Mark, this is the clearest explanation I've seen of why most cognitive training research is asking the wrong questions. The distinction you draw between near, intermediate, and far transfer is a point that's rarely articulated with such honesty in this field.

To perform effectively under pressure, one must be able to grasp, contrast, and reinterpret the relationships between different ideas. The current training is focused on the wrong level of abstraction, failing to address the cognitive demands of real-world performance.

Your seven design principles are a learning science manifesto disguised as a brain training specification. You have expertly applied established research: wrapper variation is encoding specificity; implementation intentions are Gollwitzer; spacing and delayed re-checking are Bjork and Cepeda; and strategy prompts are metacognitive monitoring. It seems you have distilled fifty years of cognitive psychology to answer the single, crucial question: "What would have to be true for far transfer to actually occur?"

IQ Mindware's transparency in not claiming to raise IQ is a commendable move. I wish more practitioners in related fields would adopt it.

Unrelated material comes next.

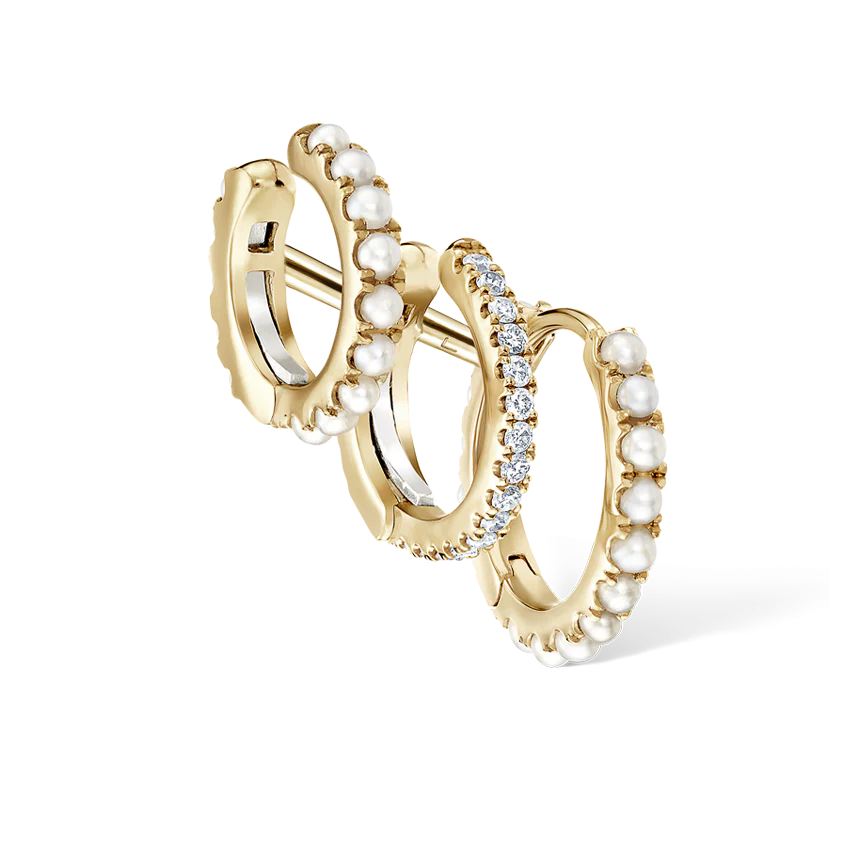 Pearl and Diamond Triple Linked Eternity Hoop Earring and Cuffs - Image 14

Much of what is currently marketed lacks evidential support, and the field would progress more rapidly if researchers were more willing to state this publicly.

Your piece raises a critical question that remains partially unanswered: How do we measure capability in domains where the very method of testing that capability is disputed? While brain training benefits from objective benchmarks, most workplace learning does not. The capability you're building is testable; the capabilities most L&D programs claim to build are not. This asymmetry warrants far more attention than it currently receives.